Rachela spojrzała mu prosto w oczy i obdarzyła go tym samym uśmiechem, który pojawiał się na jej twarzy od chwili, kiedy skończyła pięć tygodni.
– Nic mi nie mów, tato. I nie pozwól, żebym sama sobie opowiadała, co się działo. To tylko sprawia mi ból. Przecież ja tego nie przeżyłam… – Dotknęła dłonią czoła. – Wiesz, o co mi chodzi, tato. Ta Rachela, która poleciała na inną planetę, zakochała się i zachorowała… To była inna Rachela! Nie chcę i nie muszę odczuwać jej bólu. – Łzy płynęły jedna za drugą po policzkach dziewczyny. – Rozumiesz mnie, tato? Rozumiesz mnie?
– Tak – powiedział Sol. Wyciągnął ramiona do córki, a w chwilę potem poczuł przy piersi ciepło jej ciała. – Rozumiem cię, maleńka.

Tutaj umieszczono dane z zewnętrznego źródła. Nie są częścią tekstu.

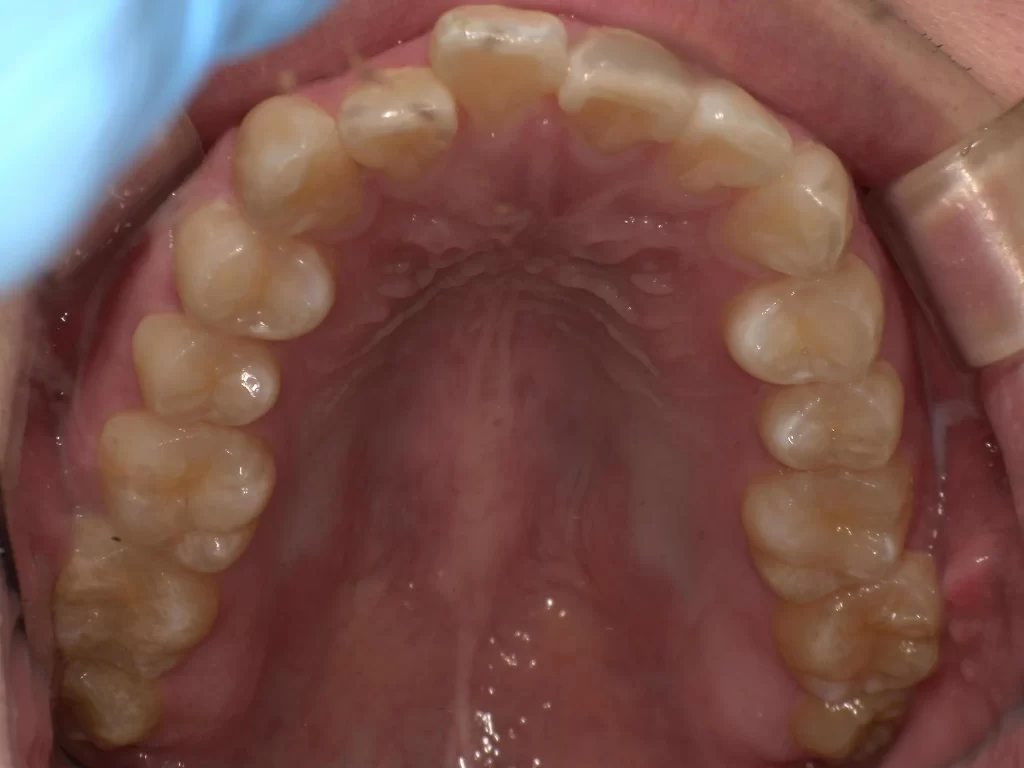 Altタグ: 北広島市 マウスピース矯正 アソアライナー 出っ歯 叢生 治療前 上顎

Wiadomości z Hyperiona nadchodziły regularnie przez cały następny rok, ale wszystkie były takie same: nie udało się odkryć natury ani źródła antyentropicznych pól siłowych. Nie stwierdzono wzmożonej aktywności prądów czasu w pobliżu Sfinksa. W wyniku eksperymentów prowadzonych na zwierzętach kilka z nich zginęło, ale u żadnego nie stwierdzono objawów choroby Merlina. Melio kończył każdą depeszę w ten sam sposób: “Ucałujcie ode mnie moją kochaną Rachelę”.
Dzięki pożyczce otrzymanej z Reichsuniversität Sol i Sarai poddali się w Bussard City ograniczonej terapii Poulsena. Byli już zbyt starzy, żeby dzięki temu osiągnąć przedłużenie życia o kolejne sto lat, ale po zabiegu wyglądali tak, jakby zbliżali się dopiero do pięćdziesiątki, nie zaś do siedemdziesiątki. Po przejrzeniu rodzinnych albumów i holofilmów doszli do wniosku, że nie powinni mieć problemów z ubieraniem się w taki sposób jak przed dziesięciu laty.
Szesnastoletnia Rachela zbiegła po schodach z komlogiem nastawionym na szkolną rozgłośnię.
– Mogę dzisiaj dostać płatki ryżowe?